[Crawled caption data]
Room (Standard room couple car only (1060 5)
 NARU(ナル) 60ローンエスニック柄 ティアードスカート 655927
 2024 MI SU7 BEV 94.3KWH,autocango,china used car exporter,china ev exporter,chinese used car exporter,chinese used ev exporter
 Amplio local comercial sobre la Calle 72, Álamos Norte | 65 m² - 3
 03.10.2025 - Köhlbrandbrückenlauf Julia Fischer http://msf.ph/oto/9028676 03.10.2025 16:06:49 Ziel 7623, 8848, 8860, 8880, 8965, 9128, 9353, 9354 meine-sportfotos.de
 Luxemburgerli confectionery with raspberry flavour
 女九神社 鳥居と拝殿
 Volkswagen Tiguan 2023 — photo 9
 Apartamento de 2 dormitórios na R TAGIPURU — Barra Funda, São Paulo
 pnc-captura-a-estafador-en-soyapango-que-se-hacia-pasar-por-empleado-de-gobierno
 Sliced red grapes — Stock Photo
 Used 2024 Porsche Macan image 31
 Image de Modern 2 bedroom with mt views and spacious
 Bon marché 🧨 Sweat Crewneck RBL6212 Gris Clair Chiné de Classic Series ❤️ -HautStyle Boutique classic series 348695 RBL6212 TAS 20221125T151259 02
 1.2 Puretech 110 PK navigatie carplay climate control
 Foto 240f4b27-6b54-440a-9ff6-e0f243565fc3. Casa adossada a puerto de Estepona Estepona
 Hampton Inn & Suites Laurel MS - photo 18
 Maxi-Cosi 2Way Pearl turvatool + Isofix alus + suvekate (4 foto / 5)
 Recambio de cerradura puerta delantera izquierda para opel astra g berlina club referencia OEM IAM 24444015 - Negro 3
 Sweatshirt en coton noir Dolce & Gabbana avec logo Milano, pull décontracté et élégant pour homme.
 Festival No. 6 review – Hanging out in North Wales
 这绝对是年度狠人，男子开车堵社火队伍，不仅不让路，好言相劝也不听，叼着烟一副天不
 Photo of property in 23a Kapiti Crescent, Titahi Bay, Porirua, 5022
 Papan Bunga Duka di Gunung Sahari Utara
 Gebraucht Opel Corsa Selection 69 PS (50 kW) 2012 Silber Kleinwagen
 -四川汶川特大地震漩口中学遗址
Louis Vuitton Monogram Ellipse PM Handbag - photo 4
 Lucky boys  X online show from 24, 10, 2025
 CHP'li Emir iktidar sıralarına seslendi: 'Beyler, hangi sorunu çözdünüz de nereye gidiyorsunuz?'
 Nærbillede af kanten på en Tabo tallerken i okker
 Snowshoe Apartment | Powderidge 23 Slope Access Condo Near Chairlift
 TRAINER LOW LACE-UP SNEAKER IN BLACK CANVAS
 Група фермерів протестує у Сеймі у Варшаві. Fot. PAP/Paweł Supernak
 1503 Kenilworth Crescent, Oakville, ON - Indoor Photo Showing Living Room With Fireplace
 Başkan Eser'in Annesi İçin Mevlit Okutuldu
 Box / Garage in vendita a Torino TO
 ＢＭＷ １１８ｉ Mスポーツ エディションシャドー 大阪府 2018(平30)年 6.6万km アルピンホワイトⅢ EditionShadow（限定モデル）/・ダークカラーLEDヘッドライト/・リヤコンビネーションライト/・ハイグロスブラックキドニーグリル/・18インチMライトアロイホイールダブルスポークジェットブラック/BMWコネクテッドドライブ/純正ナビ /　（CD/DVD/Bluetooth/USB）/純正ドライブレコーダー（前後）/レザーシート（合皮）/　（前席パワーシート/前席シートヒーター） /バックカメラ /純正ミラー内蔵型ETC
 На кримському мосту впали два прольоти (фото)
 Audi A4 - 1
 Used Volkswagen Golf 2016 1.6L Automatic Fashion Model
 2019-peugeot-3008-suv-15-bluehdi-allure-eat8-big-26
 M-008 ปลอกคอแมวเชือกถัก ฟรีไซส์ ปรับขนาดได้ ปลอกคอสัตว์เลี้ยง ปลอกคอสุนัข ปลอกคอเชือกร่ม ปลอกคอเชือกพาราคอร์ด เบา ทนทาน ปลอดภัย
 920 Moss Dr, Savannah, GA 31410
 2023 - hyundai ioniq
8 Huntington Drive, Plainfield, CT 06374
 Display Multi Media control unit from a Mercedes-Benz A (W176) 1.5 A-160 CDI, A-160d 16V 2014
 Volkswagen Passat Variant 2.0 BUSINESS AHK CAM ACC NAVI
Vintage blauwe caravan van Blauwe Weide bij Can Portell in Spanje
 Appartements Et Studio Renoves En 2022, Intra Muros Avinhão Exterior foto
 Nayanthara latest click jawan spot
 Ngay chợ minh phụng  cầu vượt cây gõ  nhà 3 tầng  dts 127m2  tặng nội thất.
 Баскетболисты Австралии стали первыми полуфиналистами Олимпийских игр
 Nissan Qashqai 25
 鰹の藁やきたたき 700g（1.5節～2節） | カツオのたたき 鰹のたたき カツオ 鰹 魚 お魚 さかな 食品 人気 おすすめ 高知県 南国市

What you need to do - Return each line of the data that contains the string "Volkswagen".

Written response -
 Volkswagen Tiguan 2023 — photo 9
 Used Volkswagen Golf 2016 1.6L Automatic Fashion Model
 Volkswagen Passat Variant 2.0 BUSINESS AHK CAM ACC NAVI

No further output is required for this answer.